Where the data below shows a picture, leave that picture out and copy the rest exactly.

== Records shown ==
——————————

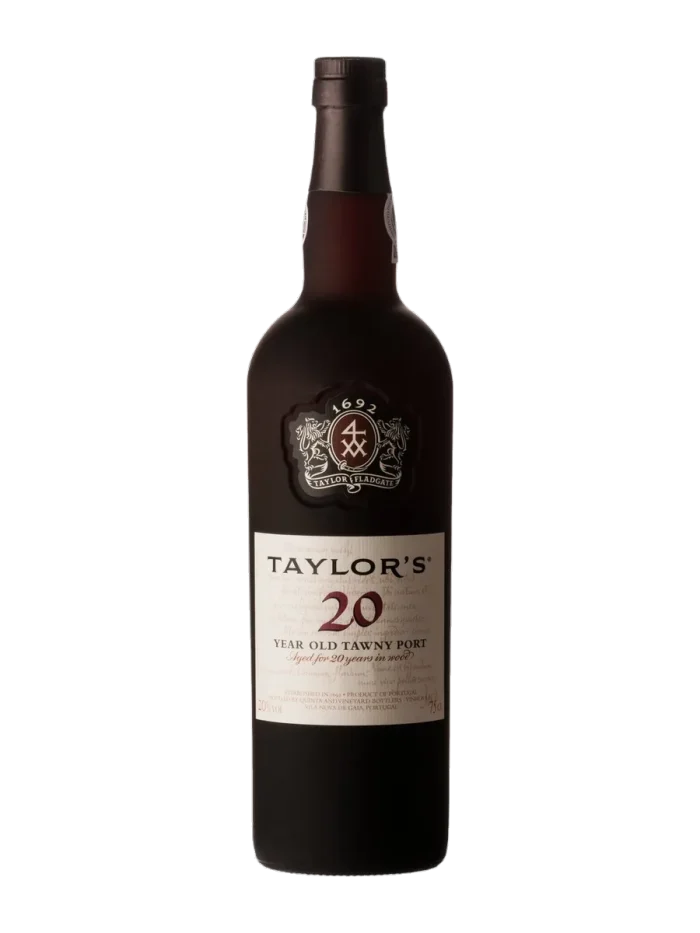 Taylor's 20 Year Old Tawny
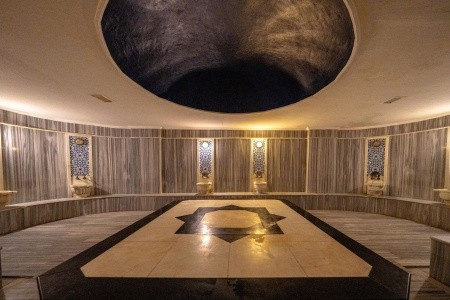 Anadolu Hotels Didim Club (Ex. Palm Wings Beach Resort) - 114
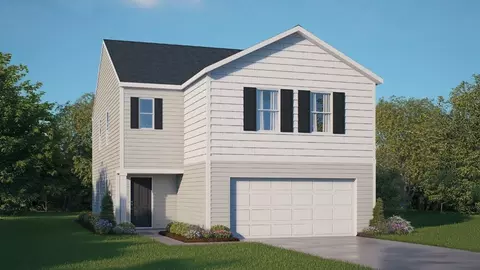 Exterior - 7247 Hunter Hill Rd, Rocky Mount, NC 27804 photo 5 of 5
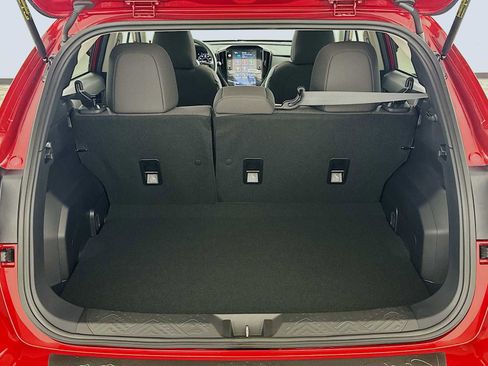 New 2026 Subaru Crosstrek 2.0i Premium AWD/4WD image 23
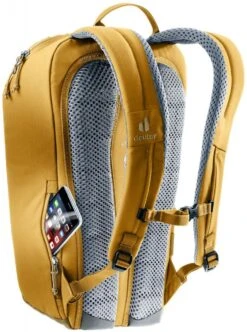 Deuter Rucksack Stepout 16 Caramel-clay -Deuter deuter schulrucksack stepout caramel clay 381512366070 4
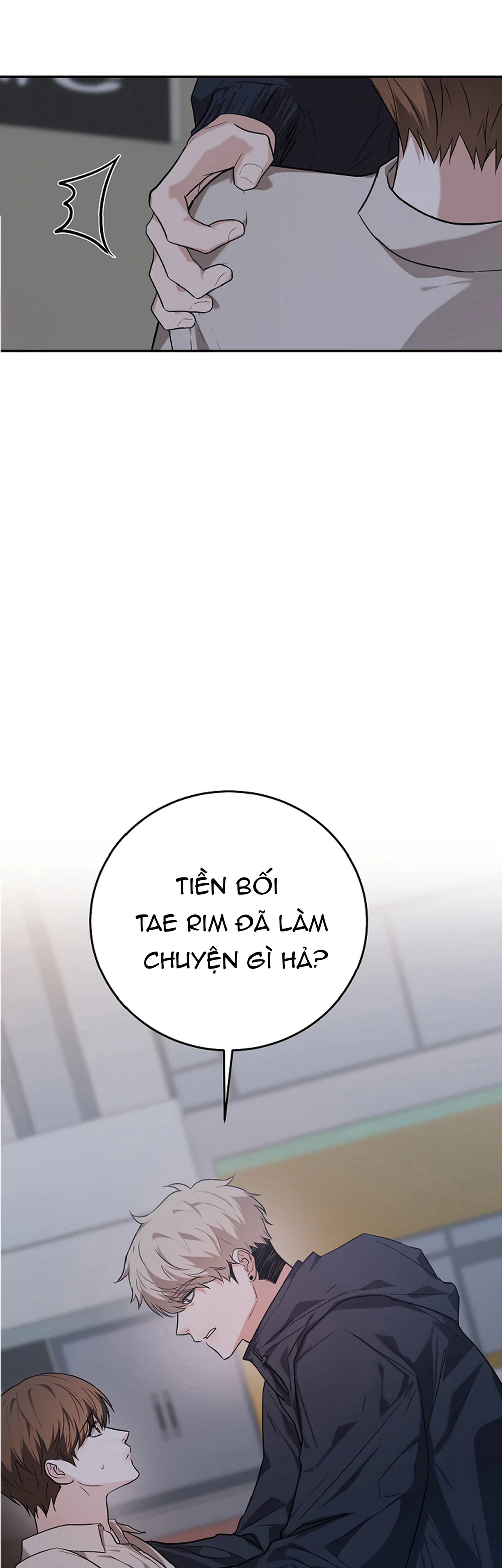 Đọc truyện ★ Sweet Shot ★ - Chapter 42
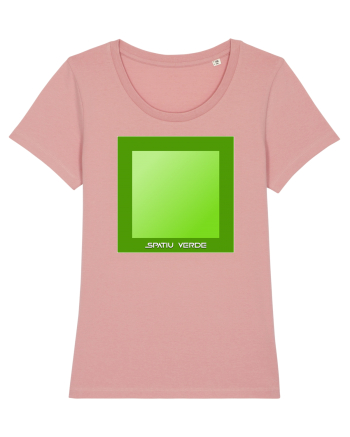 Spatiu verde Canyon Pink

——————————

== Response ==
 Taylor's 20 Year Old Tawny
 Anadolu Hotels Didim Club (Ex. Palm Wings Beach Resort) - 114
 Exterior - 7247 Hunter Hill Rd, Rocky Mount, NC 27804 photo 5 of 5
 New 2026 Subaru Crosstrek 2.0i Premium AWD/4WD image 23
 Deuter Rucksack Stepout 16 Caramel-clay -Deuter deuter schulrucksack stepout caramel clay 381512366070 4
 Đọc truyện ★ Sweet Shot ★ - Chapter 42
 Spatiu verde Canyon Pink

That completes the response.